Why, make a game out of it, of course! We'll call ours Surviving the News.
We reviewed WCCO's newscasts from the past six months, looking for the most blatant episodes of self- and cross-promotion. Of course, this didn't allow us to consider some of the Hometown Team's choicest contributions to local journalism--reports like Trish Van Pilsum's breathless sweeps-week extravaganza about porn in the Minneapolis Public Library, and fellow reporter Rick Fuentes's undercover investigation of spring-break debauchery in Mexico ("Local teens out of the country--and a lot of them out of control!" the promos blared) contained no self-referential material or network tie-ins, and were therefore ineligible for consideration.

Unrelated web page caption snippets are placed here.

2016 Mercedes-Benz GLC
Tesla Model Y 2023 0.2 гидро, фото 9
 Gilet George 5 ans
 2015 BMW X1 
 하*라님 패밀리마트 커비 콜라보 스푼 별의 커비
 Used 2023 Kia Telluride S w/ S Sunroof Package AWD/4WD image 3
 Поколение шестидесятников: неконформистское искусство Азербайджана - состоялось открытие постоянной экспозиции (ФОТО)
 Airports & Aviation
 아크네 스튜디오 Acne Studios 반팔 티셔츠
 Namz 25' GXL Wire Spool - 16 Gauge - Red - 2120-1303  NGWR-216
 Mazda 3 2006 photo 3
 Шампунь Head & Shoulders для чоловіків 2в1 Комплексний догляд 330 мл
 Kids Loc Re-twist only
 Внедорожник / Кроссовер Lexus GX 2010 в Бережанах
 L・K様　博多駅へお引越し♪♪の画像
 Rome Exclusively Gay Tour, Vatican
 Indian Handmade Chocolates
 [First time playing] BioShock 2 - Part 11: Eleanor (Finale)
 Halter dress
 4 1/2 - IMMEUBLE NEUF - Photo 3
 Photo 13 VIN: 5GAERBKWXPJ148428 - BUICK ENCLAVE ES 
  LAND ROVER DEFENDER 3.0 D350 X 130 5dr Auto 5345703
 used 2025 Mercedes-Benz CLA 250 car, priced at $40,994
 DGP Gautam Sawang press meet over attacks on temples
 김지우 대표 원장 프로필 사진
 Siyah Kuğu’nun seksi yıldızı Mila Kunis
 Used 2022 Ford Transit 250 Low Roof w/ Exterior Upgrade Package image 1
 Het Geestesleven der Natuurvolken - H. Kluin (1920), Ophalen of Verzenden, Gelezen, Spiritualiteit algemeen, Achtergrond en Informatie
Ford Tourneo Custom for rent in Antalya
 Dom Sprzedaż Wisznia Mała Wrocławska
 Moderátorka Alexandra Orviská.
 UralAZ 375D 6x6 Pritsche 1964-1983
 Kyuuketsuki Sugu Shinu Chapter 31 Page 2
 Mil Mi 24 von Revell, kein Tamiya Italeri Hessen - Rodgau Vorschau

Still, as you'll see, we found no shortage of admirable moments. Below, in chronological order, are more than a dozen highlights from WCCO's unprecedented season of synergy. At the end of the story, we've included a ballot so readers can decide which 'CCO reporter or anchor most deserves the title of the ultimate Hometown Team Survivor. So now, as 'CCO sportscaster Mark Rosen might say, let's roll the tape!
Immunity Challenge #1
Pretend your weatherman is a
Hometown Team chief meteorologist Paul Douglas bombed the last time he took his act on the road, to WBBM-TV in Chicago, where Windy City TV critics dubbed him "the goof on the roof." Nonetheless, the glib Pee-wee Herman look-alike has the gift of the natural synergist. (Fun fact: In addition to parlaying his local celebrity into a weather column for the Star Tribune, Douglas acted as a special consultant on the Steven Spielberg weather drama Twister!) In March Douglas secures a weeklong stint as a guest weatherman on CBS's Early Show, and presto, the Hometown Team has a national player. WCCO seizes the opportunity, turning Douglas's fleeting moment of exposure into a "Dimension" report entitled "Early Risers." In the four-and-a-half-minute piece, viewers learn that morning-show hosts are often tired, and that Douglas has a knack for engaging in seamless water-cooler banter with network heavyweights like Early Show host Bryant Gumbel.